Il referendum è un gioco di prestigio

Non sarà mai accettato dalla Consulta, spiega Michele Ainis sul Corriere, ma firmare rimane un utile gesto di dissenso

Michele Ainis spiega sul Corriere della Sera perché ha firmato il referendum per abrogare la legge elettorale pur non ritenendolo uno strumento adeguato.

La disperazione gioca brutti scherzi. E la legge elettorale vigente da tre legislature (il Porcellum) ha innescato una situazione disperante: parlamentari degradati al rango di vassalli rispetto ai signori di partito, due Camere senza più alcuna autorità, e per sovrapprezzo un premio di maggioranza da Enalotto, che finisce per drogare le elezioni. Da qui l’ultima trincea: il referendum.

Siccome il parlamento chiacchiera ma non cava mai un ragno dal buco, siccome ai leader politici sotto sotto questa legge elettorale piace, che siano i cittadini a sbarazzarsene. E infatti la fila dietro ai banchetti delle firme s’allunga di ora in ora. Chi va a firmare lo faccia ad occhi aperti: sapendo di partecipare a un gioco di prestigio.

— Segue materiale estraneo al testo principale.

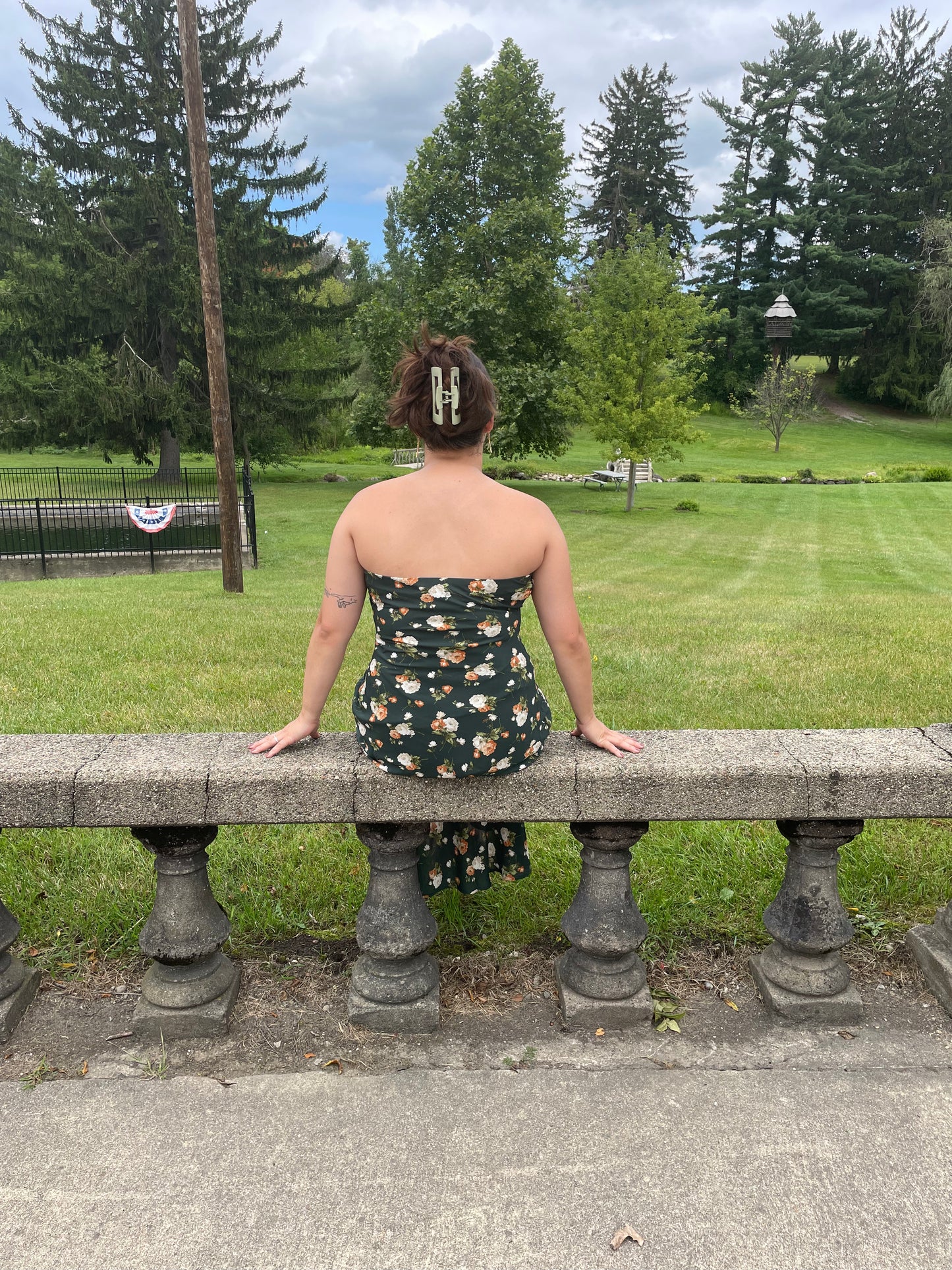 Chayce Hunter Green Floral Strapless Maxi Dress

Non che gli altri referendum del passato fossero limpidi come acqua marina. Se è per questo, la storia delle consultazioni popolari è tutta punteggiata da trucchi e da malizie. A cominciare dalla formulazione dei quesiti, che in Italia da decenni vengono scritti usando le forbici anziché la penna a sfera. Per quale ragione? Perché la nostra Carta ammette soltanto il referendum abrogativo: per cancellare, non per aggiungere. Ma se una legge dice «Berlusconi non ha la barba» qualcuno può sempre chiedere d’abrogare per via referendaria il «non» e allora toh! al presidente del Consiglio crescerà una bella barba nera. Da ciò quesiti più lunghi d’un lenzuolo, da ciò una pioggia di coriandoli normativi sottoposti a referendum, un aggettiva di qua, una virgola di là.